Erinnerung an Walchwil
So gibt ein Wort das nächste, auch wenn sich der Leistungscomputer, der am Arm des Joggers befestigt ist, wegen der unplanmässigen Unterbrechung des Trainings bestimmt gerne beschwert hätte. Unterdessen ist auch die Velofahrerin zu unserem Liegeplatz zurückgekommen. Sie hätten vor Jahren mit den Kindern in der Schweiz gewohnt, im Kanton Zug, genauer in Walchwil, sagt die Frau. Sie hätten nur die besten Erinnerungen an diese Zeit.
Nach dem Grund des Schweizer Aufenthaltes befragt, erklärt der Jogger, der sich im Laufe des Gespräches in meiner Wahrnehmung immer mehr zu einem tüchtigen Berufsmann und Manager entwickelt, er sei noch immer für die gleiche deutsche Firma tätig wie damals in der Schweiz. Sein Job damals in der Schweiz sei schwierig gewesen, wie es jede Restrukturierung einer Firma sei, aber ihn hätte beeindruckt, wie konstruktiv alle Beteiligten, vom einfachen Angestellten bis zum Kadermitglied, an der Problemlösung mitgearbeitet hätten ...

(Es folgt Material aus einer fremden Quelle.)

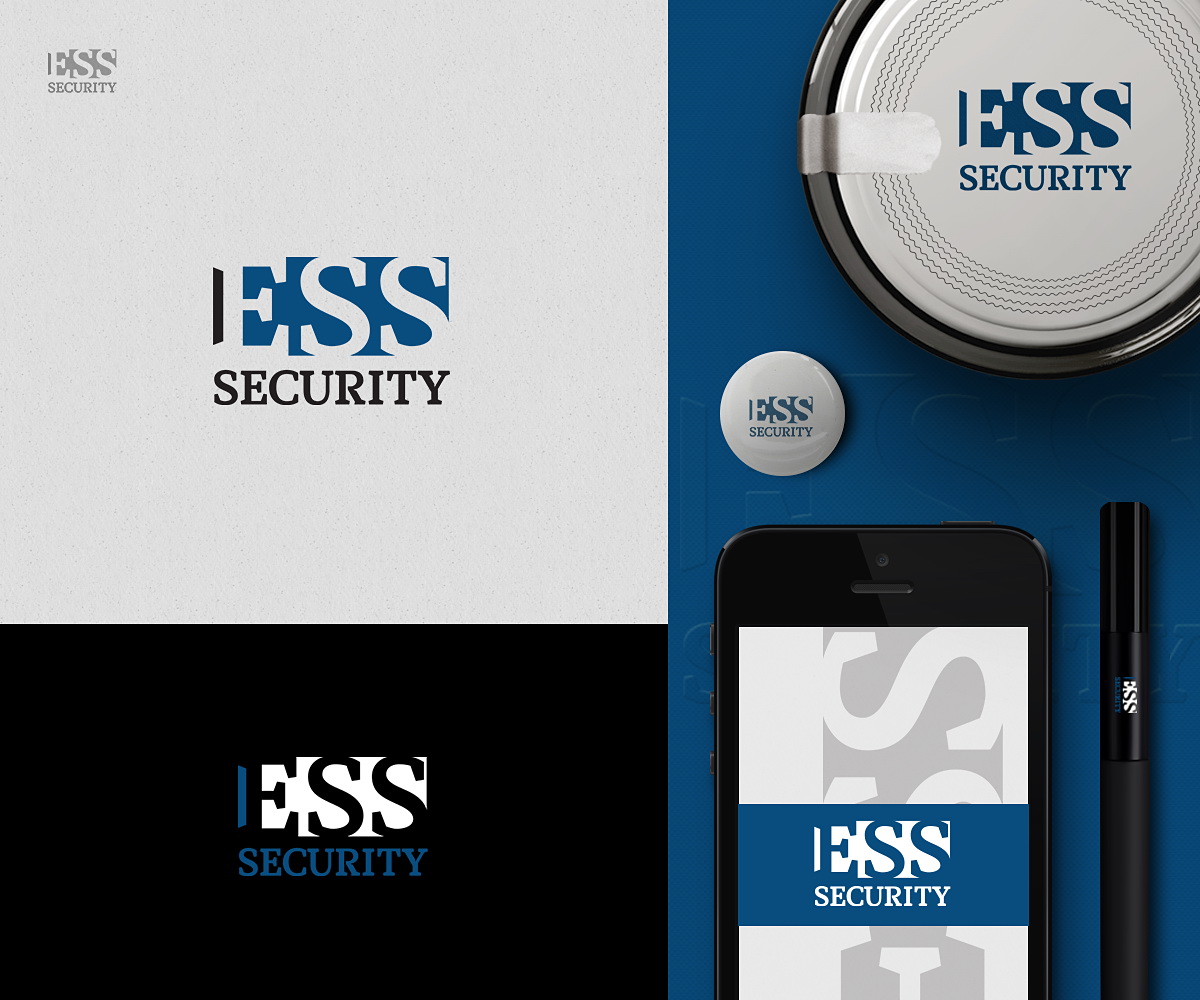 Logo Design by logotweek for ESS Security | Design #2242921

Visionäre Planung des Mittellandkanals
Lob ertragen wir Schweizer bekanntlich nur begrenzt (auch wenn wir es, seien wir ehrlich, gerne in uns hineinschlürfen), und so war es an der Zeit, das Fragespiel umzukehren. Wie denn ein Schweizer Schiff nach Niedersachsen komme, wollen die beiden wissen. Das gibt mir Gelegenheit, nun meinerseits über den hochstehenden deutschen Wasserbau und über die visionäre Planung des Mittellandkanals zu schwärmen. Es gäbe in Hannover, Braunschweig oder Wolfsburg viele Menschen, die keine Ahnung hätten, dass ihre Städte über ein gut ausgebautes Kanalnetz direkt mit dem Meer verbunden seien, und zwar auch für grosse Frachtkähne mit Ladekapazitäten von über 2000 Tonnen.

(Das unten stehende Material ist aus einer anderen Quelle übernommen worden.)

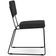 Cadeira Decorativa Estofada Para Sala De Jantar Base Em Aço Allana L02 Bouclê Preto - Lyam Decor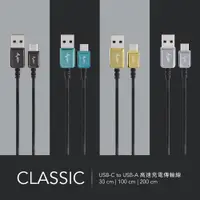 在飛比找蝦皮購物優惠-Avier Classic USB-C to A 金屬編織高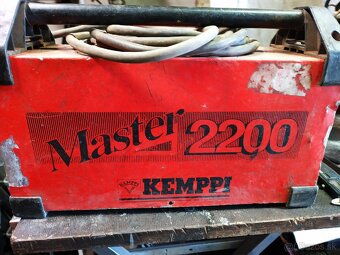 Predám zváračku kemppi master 2200 - 2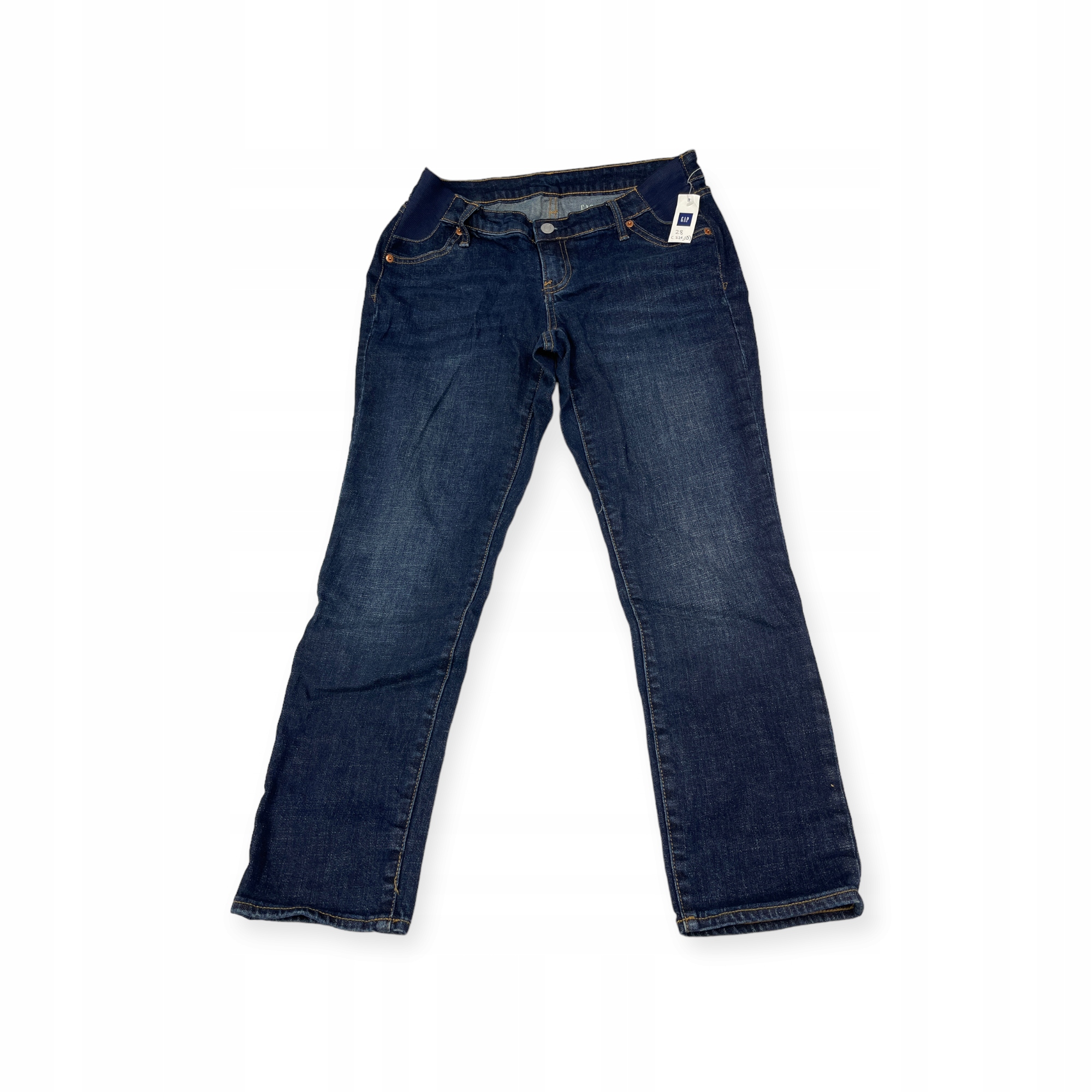 Dámské těhotenské džínové kalhoty Gap 28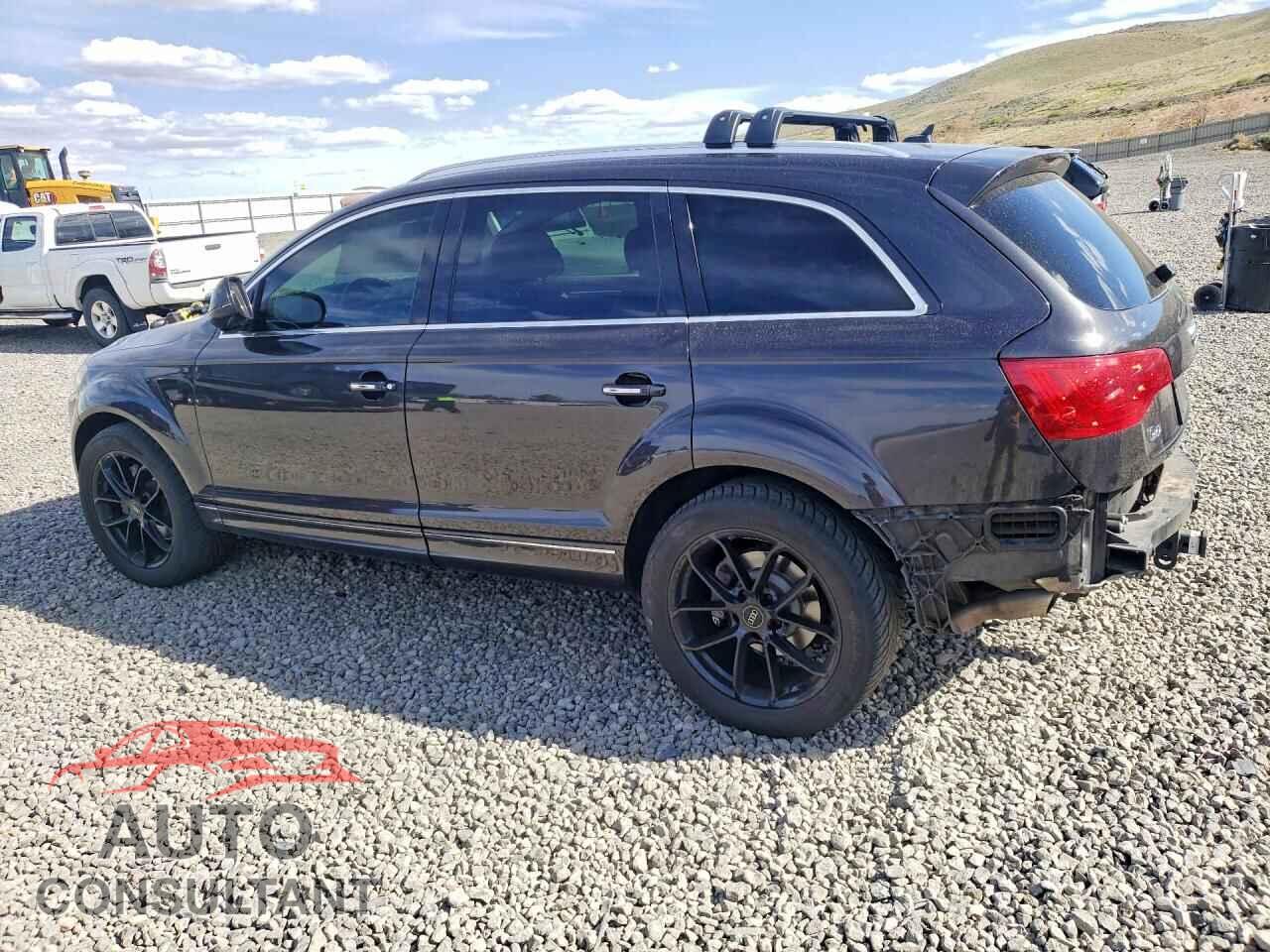 AUDI Q7 2012 - WA1VMAFE9CD010424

Eigentlich bilde der 325 km lange Mittelkanal das Herzstück eines Systems von Wassertrassen, welches das Einzugsgebiet des Rheines mit demjenigen der Elbe und der Oder verbinde. Die Idee dafür sei schon Mitte des 19. Jahrhunderts diskutiert worden. Teile des Projektes, etwa die Verbindung vom Dortmund-Ems Kanal bis nach Hannover, seien während des Ersten Weltkrieges fertig gestellt worden, doch dann verhinderte der Zweite Weltkrieg und später die Teilung Deutschlands die Fertigstellung. Erst nach der Wiedervereinigung, nämlich im Jahre 2003, wurde durch den Bau einer 830 Meter langen Brücke über die Elbe bei Magdeburg der Mittellandkanal für Grossmotorschiffe vom Rhein bis zur Havel und nach Berlin befahrbar.
Eisenbahn statt Schiffe
Und das hätten auch die Schweizer gemerkt, welche schon seit je durch die Sehnsucht nach dem weiten Meer und nach den zum Meer führenden Flüssen getrieben worden seien – so doziert der Schweizer den Deutschen über ihr eigenes Land. – Das sei doch seltsam, erwidert der Jogger-Manager, ihn hätte das Schicksal aus den Weiten der norddeutschen Tiefebene an die Gestade des Zugersees geführt, und wir hätten umgekehrt ein Schiff, mit dem wir zwar mindestens durch zwanzig (oder mehr) europäische Länder fahren könnten, aber der See vor der eigenen Haustür, der Zuger- oder Zürichsee, bleibe uns verwehrt.
Und nach einer nachdenklichen Pause fügte er an: „Ihr Schweizer seid wohl nie ernsthaft an der Schiffbarkeit eurer Flüsse und Seen interessiert gewesen, dafür habt ihr Eisenbahnen gebaut wie kaum ein anderes Land in Europa.“ Sagte es, schaute kurz auf seinen Leistungscomputer am Arm, wünschte uns eine gute Reise, und weg war er, neben ihm seine Frau auf dem Velo. Das eheliche Gespräch über den Verlauf des Tages konnte weitergehen. – Und wir machten uns hinter die Vorbereitung des Nachtessens am völkerverbindenden Mittellandkanal.